In this issue of the Journal, Okuda et al4 demonstrate that among Japanese men, employees working at a small company, defined as <30 employees, were at increased risk of death from cardiovascular disease (CVD). When compared with large company/public office employees, the age-adjusted hazard ratio of small company employees was 2.53 (95% confidence interval, 1.12–5.69) for CVD death (Figure). The association was not seen for all-cause death, and adjustment for several confounders did not weaken the connection. There were no differences in CVD death among workers for a large company/public office, a medium company, and a self-employed/administrator.

Figure.

Multivariable-adjusted hazard ratios and 95% confidence intervals for total cardiovascular disease (CVD) and all-cause death among indefinite-term employees according to company size: (A) large company/public office, (B) medium company and (C) small company. Model 1 was adjusted for age. Model 2 was further adjusted for body mass index; smoking and drinking habits; salt intake, and fruit and vegetable intake; population size of the residential municipality; use of medications for hypertension, diabetes mellitus, or dyslipidemia; systolic blood pressure; diastolic blood pressure; HbA1c, serum total cholesterol; high-density lipoprotein cholesterol; and triglycerides.4

The authors explain the phenomenon in the context of a socioeconomic issue.
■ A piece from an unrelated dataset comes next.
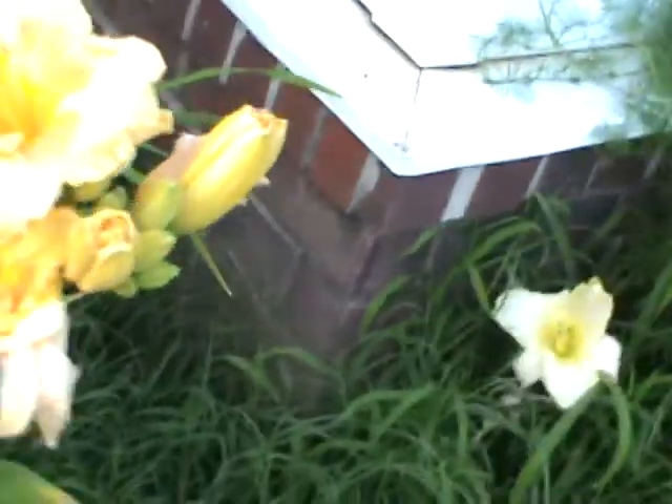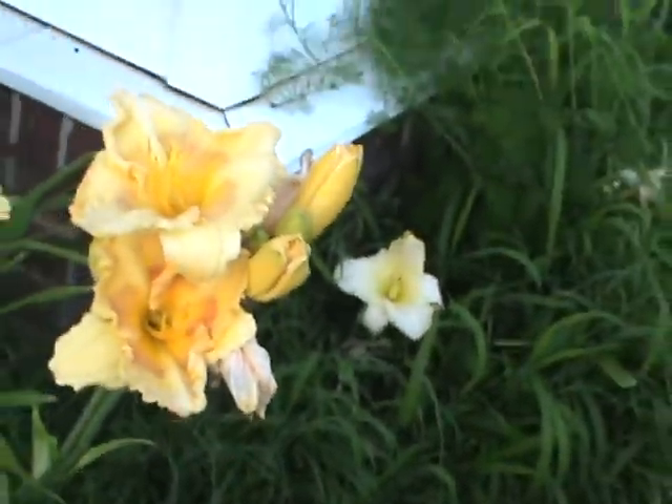That's the flowers around the house right now. These are so pretty. I've got to go over by the garden — I'm going to do another video.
The company size was possibly a social determinant representing the gradient in health. Men working in small companies had higher smoking rates, less habitual exercise, and lower fruit and vegetable intake compared with those in a large company/public office. Their profiles were consistent with those in a lower socioeconomic position, together with a small income and working overtime.

Although they examined several CVD risk factors related to the social gradient in health, including fruit and vegetable intake, the hazard ratio for CVD death of male employees at small companies was unchanged when those confounders were adjusted. In other words, the risk factors investigated were unlikely to be mediators in the causal framework. Therefore, working at a small company was not strongly linked with the unhealthy lifestyles and risk factors for CVD death observed among individuals with lower social position. If true, we need to seek another link to CVD death.
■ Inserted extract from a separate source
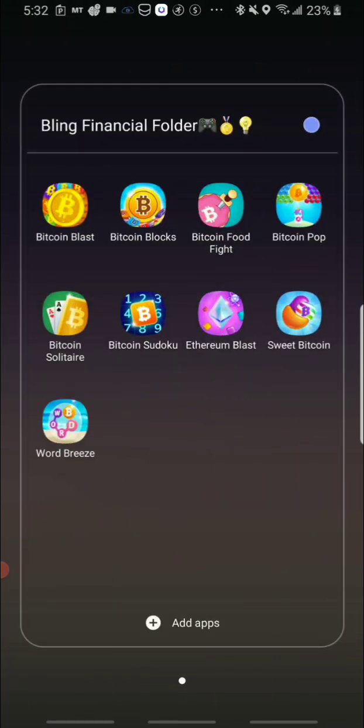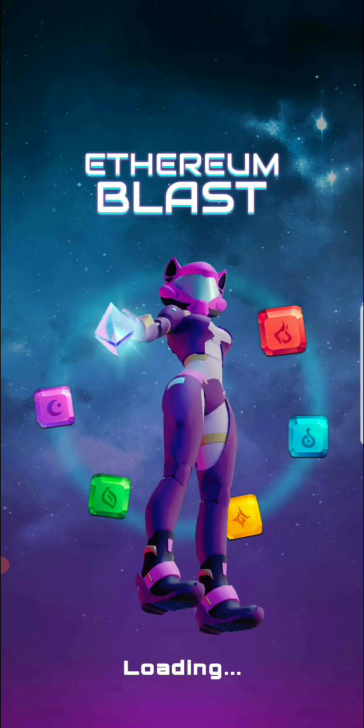The first app I'm going to cash out earnings from is one of my Bling Financial apps — the Ethereum Blast. The other day I shared a video that Bling Financial now accepts Lightning Network cashouts using the Wallet of Satoshi app. So if you're interested in taking out some Bitcoin satoshis, you can create a Wallet of Satoshi account and cash out your earnings from there.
Possible explanations of the association between the social gradient in health and CVD have been proposed, most of which have focused on the stress pathway.1 Occupational stress, explained by an imbalance between effort and reward, is high in lower social position.5 This has been linked to the biological stress pathway in the hypothalamic-pituitary-adrenal axis, leading to an impaired autonomic nervous system. Autonomic dysfunction is the connection between social position and CAD.6 It is evaluated by the assessment of heart rate variability (HRV). Decreased HRV is associated with insulin resistance,7 raised levels of high-sensitivity C-reactive protein,8 and elevated morning blood pressure measured at home9, together with further development of diabetes and CAD outcomes. Recently, we reported that those working overtime of more than 11 h/day were at increased risk of incident CAD but not ischemic stroke among Japanese men, especially salaried employees, independent of several CAD risk factors including waking hours/day, sleep duration, and occupation.10 These findings suggest a stress pathway common to working overtime and working at a small company, which often results from socioeconomic status.
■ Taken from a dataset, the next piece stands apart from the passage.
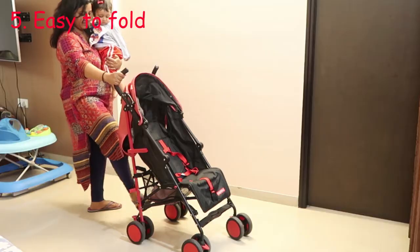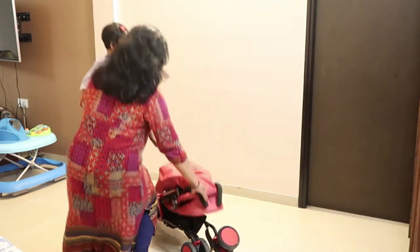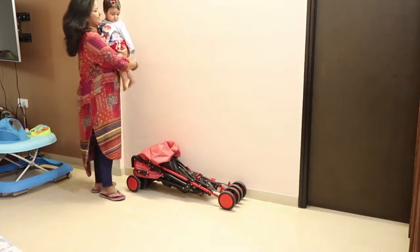Are you able to fold the stroller single-handedly? There will be times when you'll have to have a baby day out alone and you don't want to deal with difficult strollers at that time. So it should be just push, fold, and go.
In Japan since 2015, the government has legally required all employers to carry out the management of stress at work by using the Brief Job Stress Questionnaire; however, this is not required for small companies with <50 employees. Unfortunately, the social gradient in health between high and low social positions may be steeper in the future. From the perspective of a social gradient in health, we need to understand the high-risk population for CAD death and find the best way to prevent the disease.